## [Material for this task]
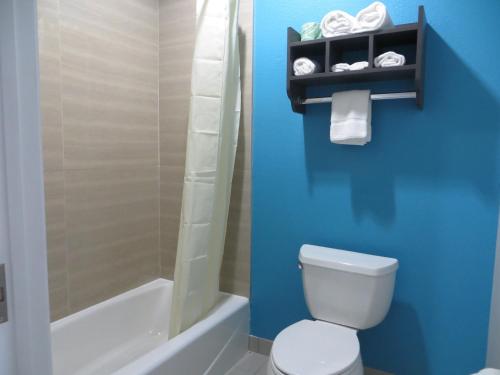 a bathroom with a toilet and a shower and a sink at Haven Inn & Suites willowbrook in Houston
---
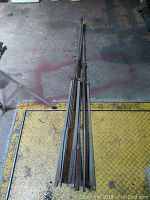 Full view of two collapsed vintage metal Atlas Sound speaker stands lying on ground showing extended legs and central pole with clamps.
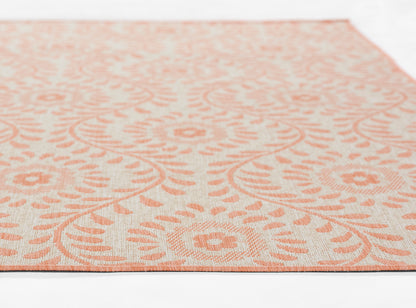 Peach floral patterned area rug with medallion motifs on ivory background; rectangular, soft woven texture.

## [Your instructions]
Using the data above, which lines fall from the one with "Full view of" through the one with "Peach floral patterned"? Repeat them exactly, ends included, minus any pictures.

## [Reply]
 Full view of two collapsed vintage metal Atlas Sound speaker stands lying on ground showing extended legs and central pole with clamps.
 Peach floral patterned area rug with medallion motifs on ivory background; rectangular, soft woven texture.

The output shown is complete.